The Loft House is finally insulated! Read on to learn about our steps to prep the building for insulating, how the spraying went, and our next steps. TLDR: We had 2″ of closed cell sprayed, and plan to have 3 more inches sprayed later on. Cost of this 2″ insulation layer was about $4K. For more stats and details, you can skip to the end. Enjoy!



Prep for Loft House Insulation

One thing that’s unique about the Quonset Loft House at the Quompound is that the base and end walls are all built out of ICF — a system of foam blocks with concrete poured into the middle (Insulated Concrete Form). You can get a detailed rundown of how that all went together in this post.

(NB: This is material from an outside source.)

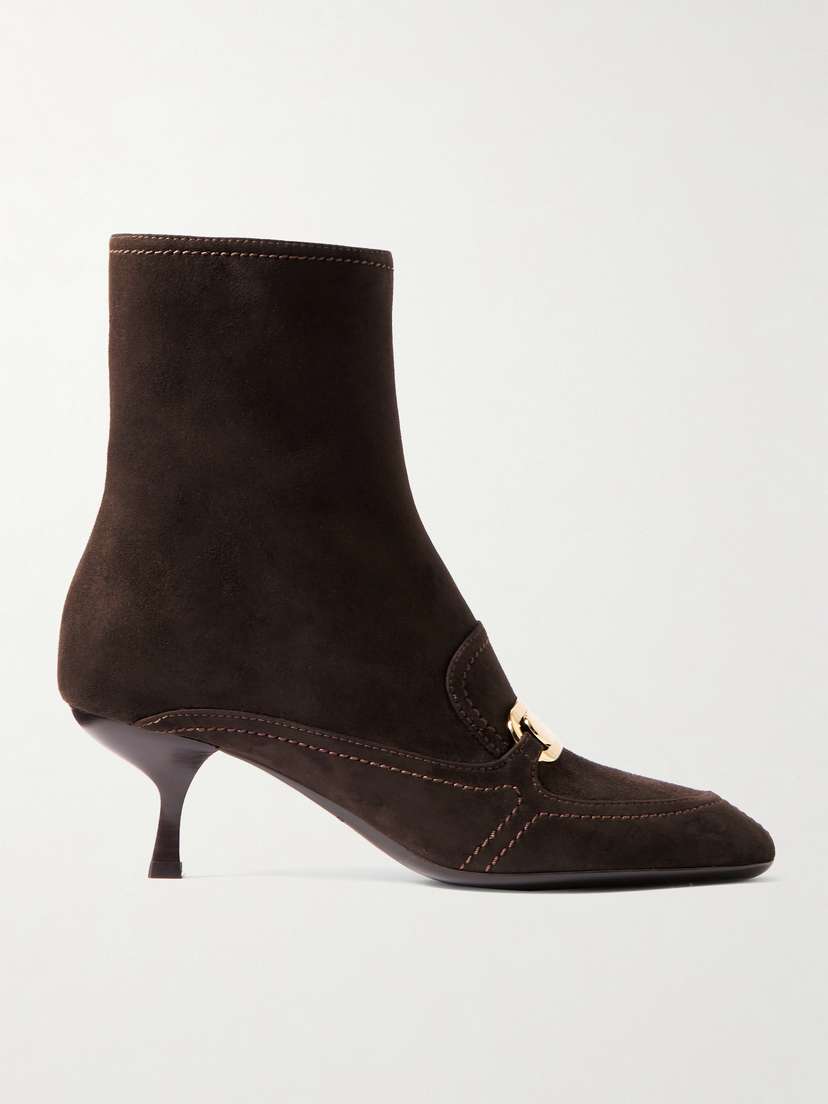 Ferragamo Cornelya Suede Ankle Boots - US6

Below you can see how the ICF looked after the concrete was poured, before we built the Quonset hut on top.

When they cut the curved arch shape into the foam to build up the end walls, we had them allow for a 3″-4″ gap at the top, to allow us to build the Quonset hut arches over top of the ICF. Now that it was time to finally have the metal Quonset hut shell spray-foamed, we had to close up the end wall gaps.

We settled on a system of cutting pieces of OSB to the curve of the arch, wrapping Tyvek house wrap over them, screwing them on, and sealing it up with caulking between the house wrap and Quonset hut arch panels.

Another pre-insulation task, similar to what we had done on the Headquarters Hut, was paint the base plates with Red Gard waterproofing membrane. In the photo below, of the base plate sitting on top of the ICF wall, you can see some dirt in the base plate that has been brought in by water seeping in. You can also see light coming in at the bottom of the diagonal vertical leg.

The manufacturers all tell you to caulk along the outside of the base plate, and you shouldn’t see light through there if you’ve caulked it. Still, any architect or home builder who knows what they’re talking about will tell you that caulking alone is not a permanent solution to a waterproofing issue. The Red Gard worked great on the HQ Hut, and we did it on the Loft House base plates as well.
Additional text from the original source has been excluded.